I think from your end there is no problem with it -- NewGuy may or may not be fine with it, and I would leave that to him to decide. I personally once got really burned by dating a close friend's ex (which included lots of bad decision-making on my part, no question), and so I would probably not do it again unless I was, like, 100% sure this was the person I was going to marry. So, for most potential dating partners out there, I would just not be willing to risk it. It's possible the man you're having sparks with feels the same way, in which case you should respect that and not pursue.

But if you feel good about it, and he feels good about it, I would say go for it! I do think it would be respectful to not show up to these band practice-type thingies unless and until things are more serious (i.e. beyond "we're hanging out a lot" or "we're hooking up" and somewhere more in the "this is serious and exclusive, and seems like it is really going to be something long term" realm). I also think that taking this approach will help you feel less like a "groupie" -- while I agree with others that you don't NEED to feel this way, I can totally understand feeling like that's a yucky vibe that could happen in this group and that you want to avoid. I think it will be considerably lessened if you're not "the woman NewGuy hooked up with last weekend" and instead "NewGuy's girlfriend of 8 months." I also agree with above posters that you shouldn't feel like you need to be in "supportive girlfriend" all the time just because your SO's hobby has lots of those types.

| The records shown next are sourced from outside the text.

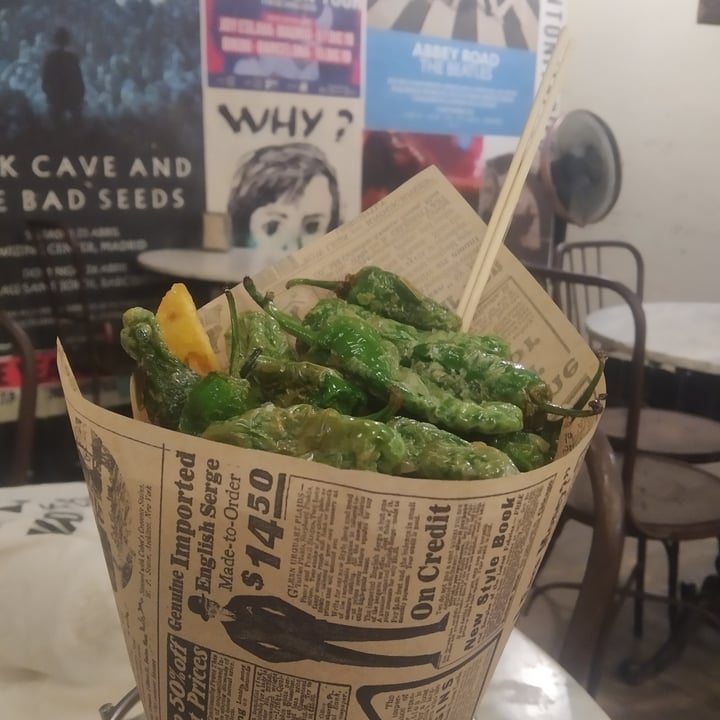 review photo of Las Fritas patatas con pimientos padron shared by @sofiapelosanimais on 11 Oct 2022 - review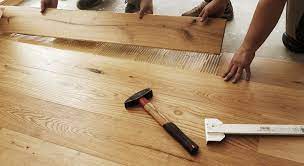 comment poser du parquet maison travaux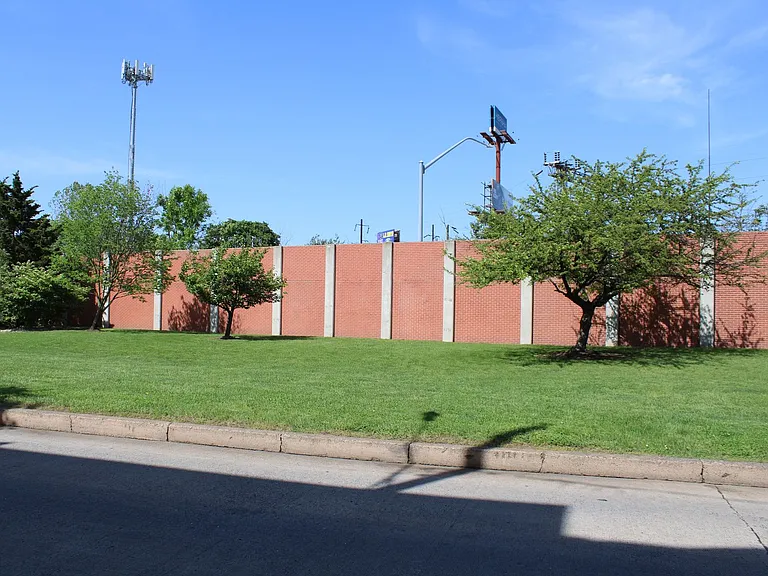564 Race St — Photo 16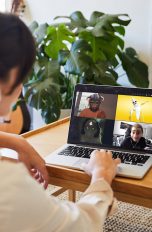 Eine Person h&auml;lt ein Online-Meeting. Alle Teilnehmer*innen nutzen dabei Lenses der Snap Camera.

Unless you really just truly enjoy the hobby independent of whomever you are dating (in which case, presumably you have been continuing to go since your breakup, so it will feel less like "Sara is supporting someone new" and more like "Sara is continuing to do this hobby, and also now dating someone new"), maybe focus on your own activities and show up on a limited basis like once a month to show support and share in the activity -- and expect that boyfriend will do the same for whatever your hobbies happen to be.
posted by rainbowbrite at 9:44 AM on September 30, 2014


Assuming you're all adults, go for it. If your ex is incapable of behaving like an adult, that's his problem.

The idea that New Guy needs to have a conversation with Ex is kinda skeevy to me. You're not "off limits" because you used to date someone else. Who someone is dating is the business of the people inside that relationship, not anybody else's. That said, if New Guy is the sort to be weird about telling Ex, you're probably best off knowing that ahead of time. Do you really want to date someone who cares more about what his friends think than what you or he himself thinks?

Speaking for myself, I wouldn't think twice about Ex in this situation, because he's not a part of the relationship.
posted by Solomon at 10:23 AM on September 30, 2014 [1 favorite]


Response by poster: It is a friend, but not a terribly close friend. Definitely more of an "activity partner/in my social circle" type relationship.

And, yes, of course I'd expect anyone I date to come out to support the things I do! But since my question isn't about my own hobbies, but about this one particular social circle and my role within it, I asked about the stuff I'm actually concerned about. Which is, does this make me some kind of weird groupie. And, yes, of course all my Supportive Girlfriend Tiemz are related to enjoying the activity in question (though I did back off this particular scene a lot after the ex and I broke up).

The "groupie/town bike" thing is definitely internalized misogyny, though. Blerg.

Anyway, the consensus seems to be go for it, so ugh, dammit, now I have to Ask Someone Out, which is terrifying.
posted by Sara C. at 10:49 AM on September 30, 2014 [4 favorites]


"...now I have to Ask Someone Out, which is terrifying."

Yes scary - but you choose. I hope it works out, if not, then try again.